Short text fragments from websites:
━━━━━━
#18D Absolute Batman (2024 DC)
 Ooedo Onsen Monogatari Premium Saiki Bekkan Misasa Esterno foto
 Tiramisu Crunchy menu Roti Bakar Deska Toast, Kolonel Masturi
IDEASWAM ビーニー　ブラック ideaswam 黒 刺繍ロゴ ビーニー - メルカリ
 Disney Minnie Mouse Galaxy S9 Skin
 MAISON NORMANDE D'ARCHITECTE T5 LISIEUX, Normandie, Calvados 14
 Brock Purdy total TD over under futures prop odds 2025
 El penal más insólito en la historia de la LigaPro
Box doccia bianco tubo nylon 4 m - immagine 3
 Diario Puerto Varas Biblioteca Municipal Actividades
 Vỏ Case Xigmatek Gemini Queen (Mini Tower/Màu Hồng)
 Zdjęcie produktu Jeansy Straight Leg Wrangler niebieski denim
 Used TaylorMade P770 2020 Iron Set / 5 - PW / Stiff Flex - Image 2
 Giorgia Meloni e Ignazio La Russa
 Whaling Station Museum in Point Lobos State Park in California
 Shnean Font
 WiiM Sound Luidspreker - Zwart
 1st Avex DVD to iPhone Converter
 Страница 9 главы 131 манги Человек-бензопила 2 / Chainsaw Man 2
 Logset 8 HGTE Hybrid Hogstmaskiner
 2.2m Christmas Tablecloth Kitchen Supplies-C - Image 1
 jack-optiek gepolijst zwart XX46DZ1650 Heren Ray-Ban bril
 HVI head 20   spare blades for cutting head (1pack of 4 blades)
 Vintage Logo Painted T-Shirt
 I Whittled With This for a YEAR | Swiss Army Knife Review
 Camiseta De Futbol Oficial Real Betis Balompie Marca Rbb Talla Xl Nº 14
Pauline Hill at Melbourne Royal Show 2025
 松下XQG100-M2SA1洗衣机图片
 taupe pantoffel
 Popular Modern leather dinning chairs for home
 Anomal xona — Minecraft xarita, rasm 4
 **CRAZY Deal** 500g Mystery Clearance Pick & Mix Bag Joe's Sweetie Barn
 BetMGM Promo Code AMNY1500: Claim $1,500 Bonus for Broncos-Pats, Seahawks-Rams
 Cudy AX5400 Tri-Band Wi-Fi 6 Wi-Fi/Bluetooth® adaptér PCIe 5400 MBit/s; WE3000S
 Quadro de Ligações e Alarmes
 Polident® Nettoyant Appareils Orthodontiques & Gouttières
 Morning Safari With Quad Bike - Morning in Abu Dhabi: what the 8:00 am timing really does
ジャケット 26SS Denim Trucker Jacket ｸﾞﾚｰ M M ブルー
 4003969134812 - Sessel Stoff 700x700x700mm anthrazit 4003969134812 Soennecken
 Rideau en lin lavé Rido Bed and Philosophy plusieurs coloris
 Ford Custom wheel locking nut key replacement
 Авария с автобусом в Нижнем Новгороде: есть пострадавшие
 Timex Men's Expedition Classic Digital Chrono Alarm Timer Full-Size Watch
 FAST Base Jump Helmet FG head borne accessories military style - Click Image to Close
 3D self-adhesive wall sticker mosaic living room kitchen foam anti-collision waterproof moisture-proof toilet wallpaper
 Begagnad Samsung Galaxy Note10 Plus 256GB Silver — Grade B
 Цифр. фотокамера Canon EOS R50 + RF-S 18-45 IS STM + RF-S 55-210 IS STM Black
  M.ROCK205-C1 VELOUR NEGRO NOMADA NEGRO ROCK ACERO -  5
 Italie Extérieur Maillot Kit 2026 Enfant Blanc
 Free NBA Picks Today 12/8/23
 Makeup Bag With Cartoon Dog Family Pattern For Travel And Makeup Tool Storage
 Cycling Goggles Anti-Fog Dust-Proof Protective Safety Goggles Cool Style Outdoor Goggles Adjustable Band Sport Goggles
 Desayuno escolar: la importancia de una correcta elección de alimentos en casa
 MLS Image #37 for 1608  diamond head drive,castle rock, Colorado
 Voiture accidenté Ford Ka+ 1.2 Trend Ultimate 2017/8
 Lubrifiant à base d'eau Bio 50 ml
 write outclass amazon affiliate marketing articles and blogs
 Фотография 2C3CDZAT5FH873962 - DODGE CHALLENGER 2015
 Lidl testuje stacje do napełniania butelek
━━━━━━
Exercise directions:
Find the lines in the records that contain the word "Band", then copy every one of them.

Result:
 Cudy AX5400 Tri-Band Wi-Fi 6 Wi-Fi/Bluetooth® adaptér PCIe 5400 MBit/s; WE3000S
 Cycling Goggles Anti-Fog Dust-Proof Protective Safety Goggles Cool Style Outdoor Goggles Adjustable Band Sport Goggles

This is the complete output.